__INSTRUCTIONS FOR THE TASK__
Instruction for the entries below: return the part that opens with the line containing "2022有道高三生物陈旭晨一轮秋季班(4.88G) 百度云网盘" and closes with the line containing "105004635_10W.jpg", exactly, and no pictures.

__INFORMATION__
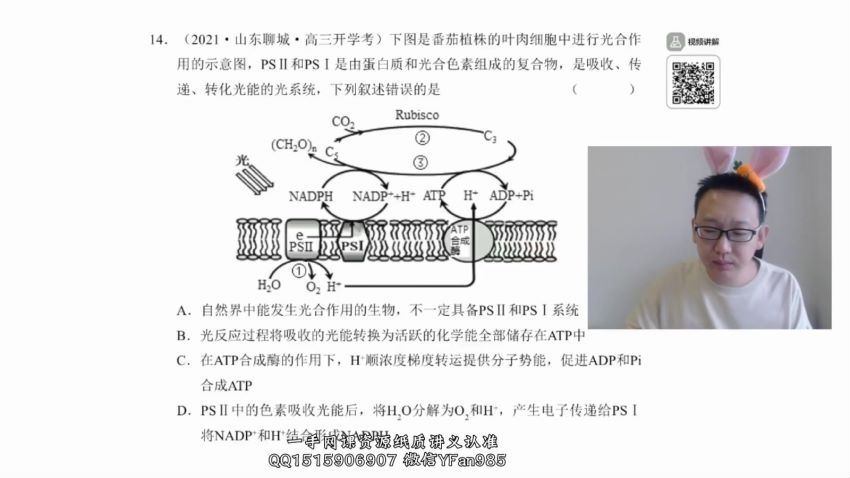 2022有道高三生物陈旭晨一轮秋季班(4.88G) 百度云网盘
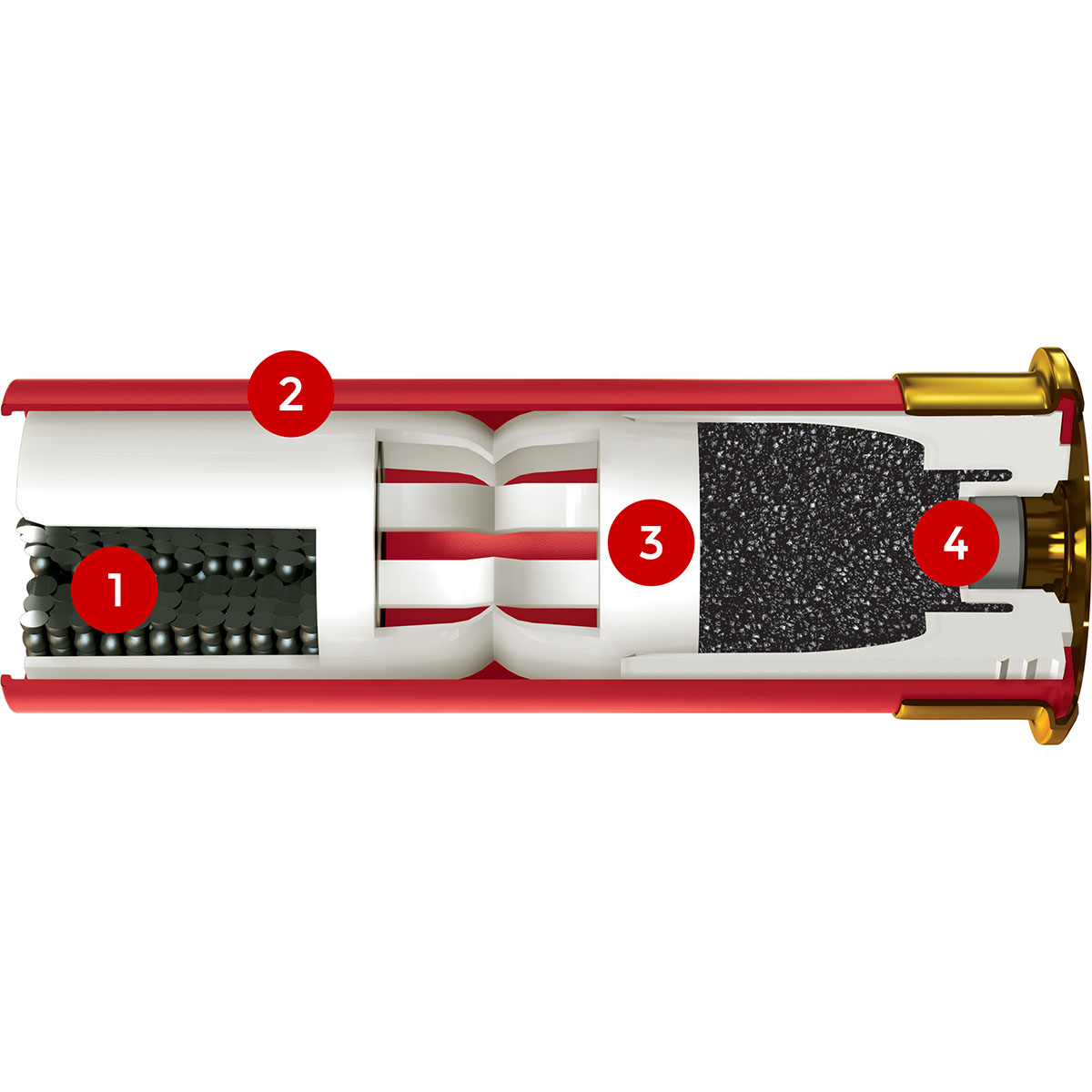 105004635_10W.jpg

--

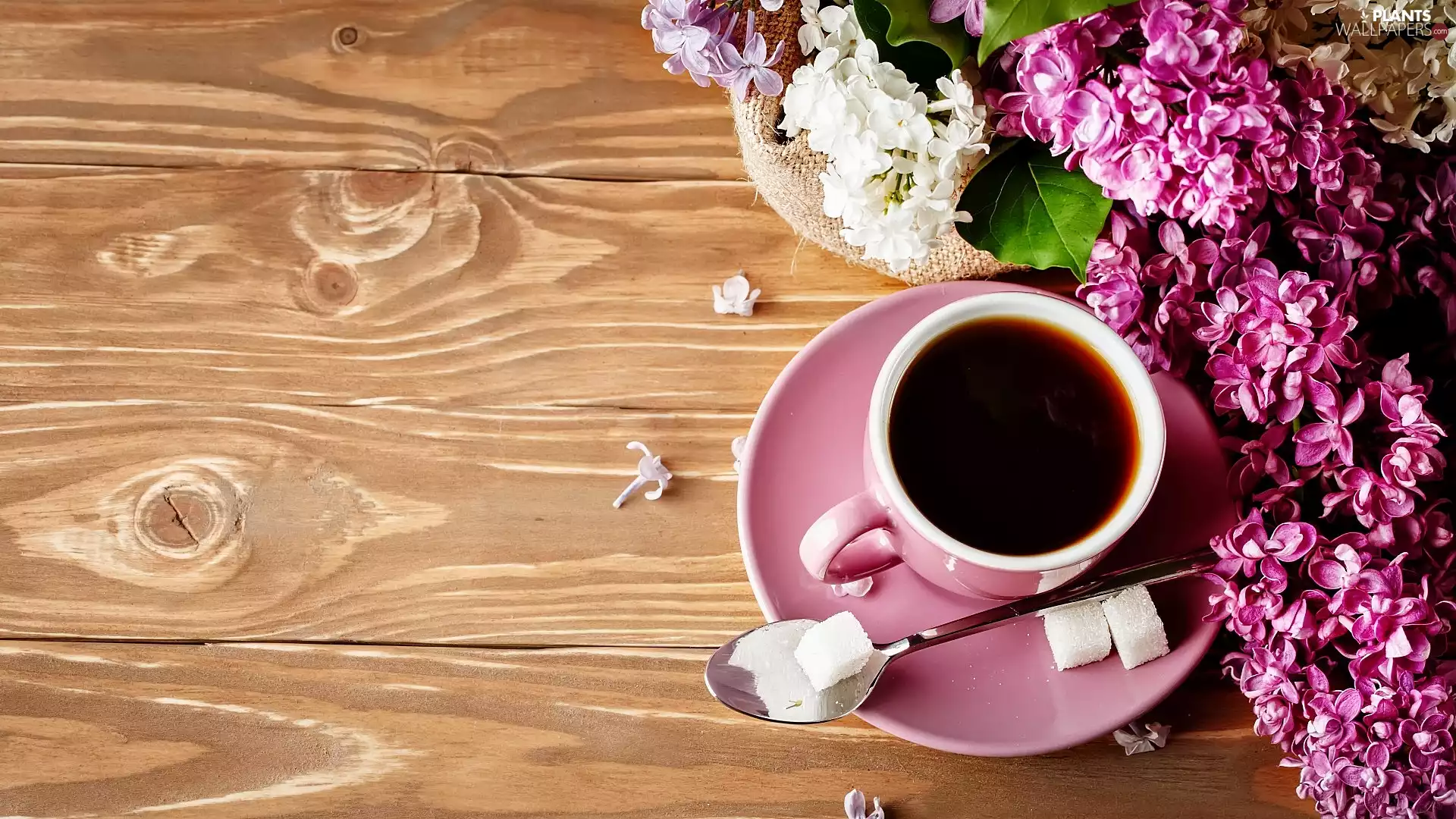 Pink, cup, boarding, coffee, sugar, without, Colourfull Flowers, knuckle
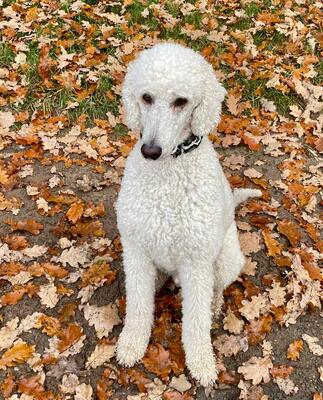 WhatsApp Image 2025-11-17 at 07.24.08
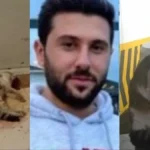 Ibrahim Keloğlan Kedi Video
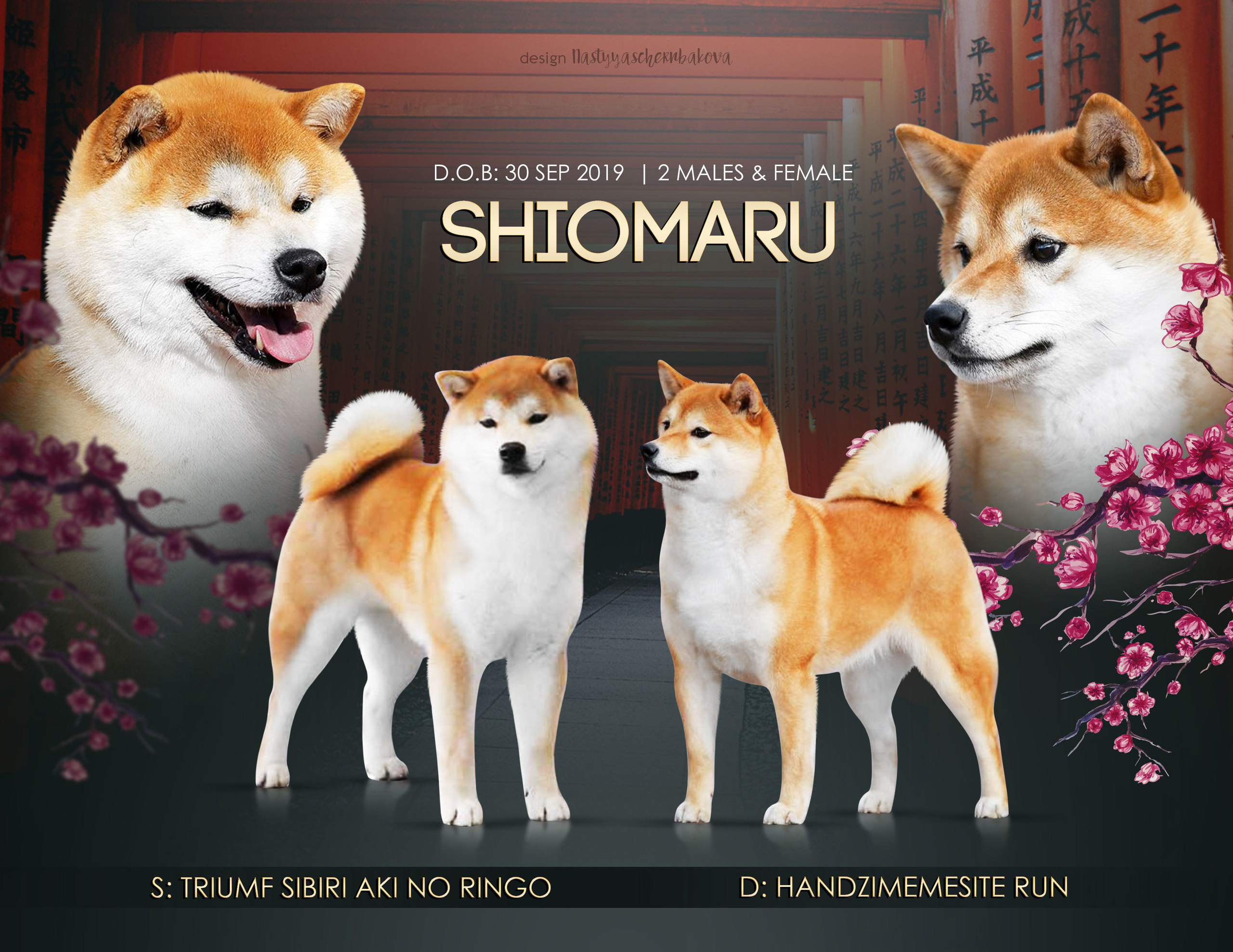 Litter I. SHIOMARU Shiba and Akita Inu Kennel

--

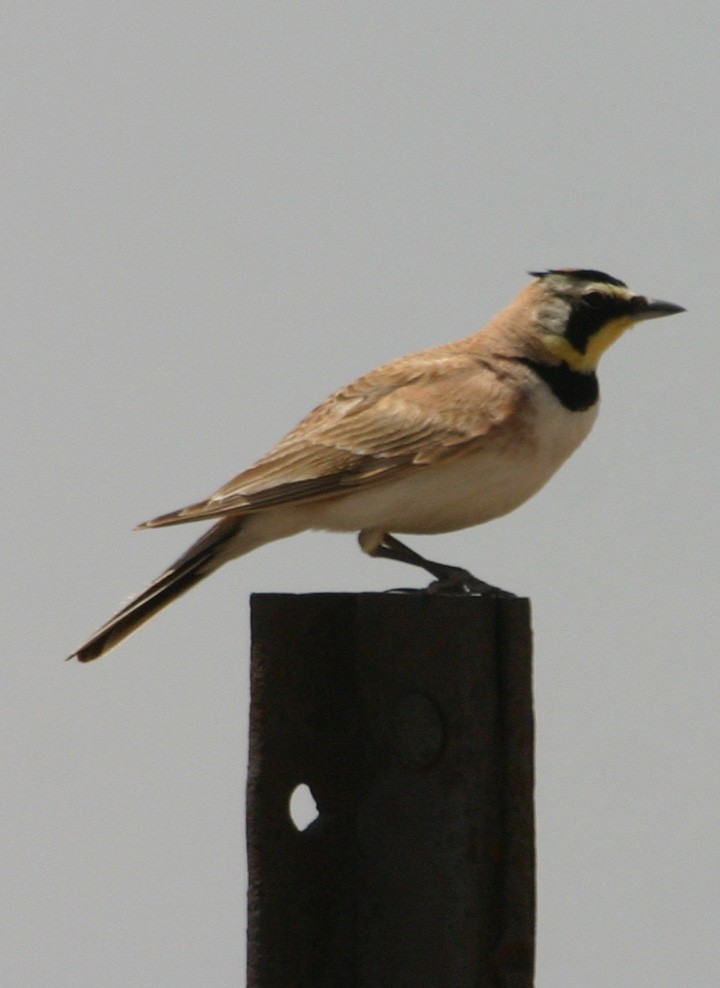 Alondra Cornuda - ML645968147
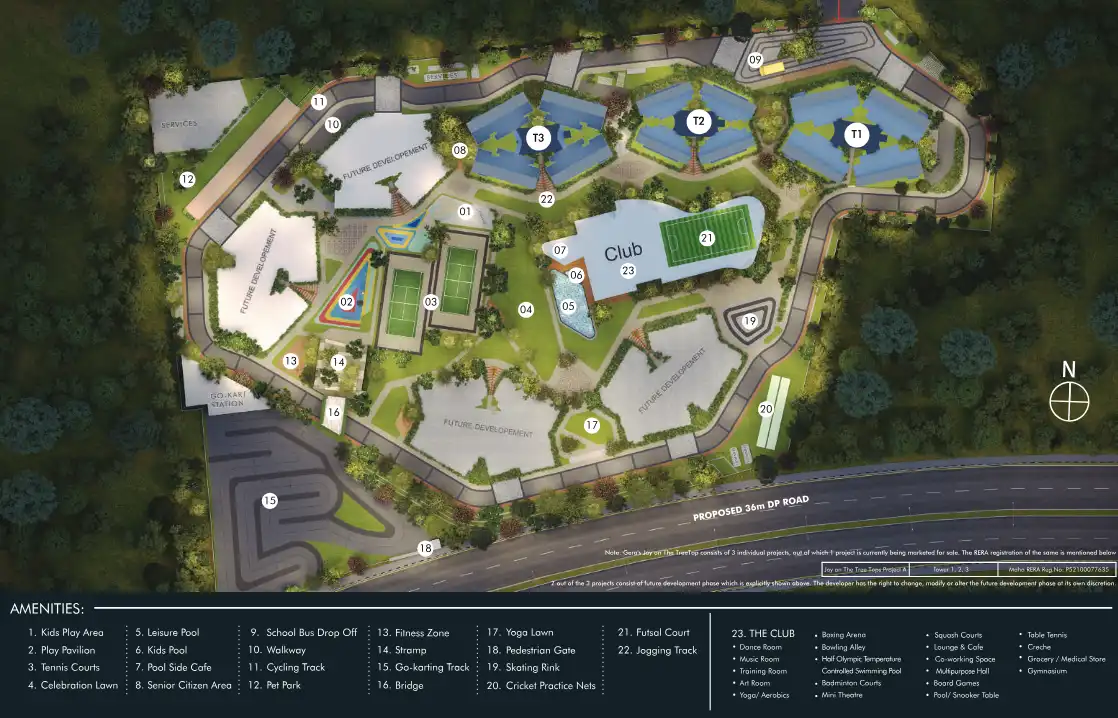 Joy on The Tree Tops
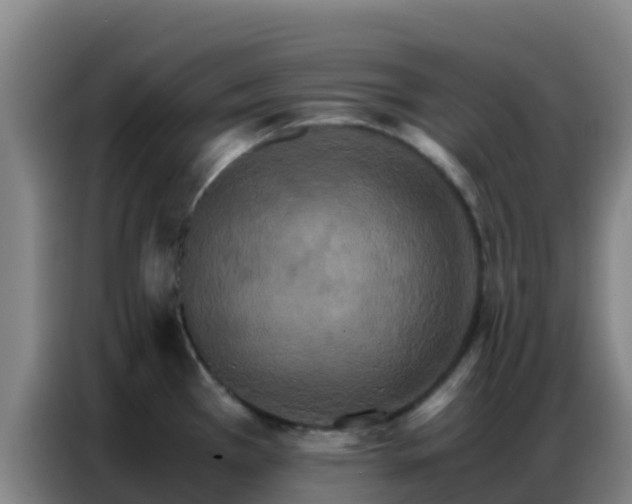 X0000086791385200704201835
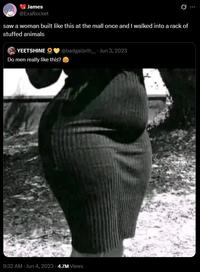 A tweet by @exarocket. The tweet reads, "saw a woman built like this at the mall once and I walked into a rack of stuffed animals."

__TASK ANSWER__
 2022有道高三生物陈旭晨一轮秋季班(4.88G) 百度云网盘
 105004635_10W.jpg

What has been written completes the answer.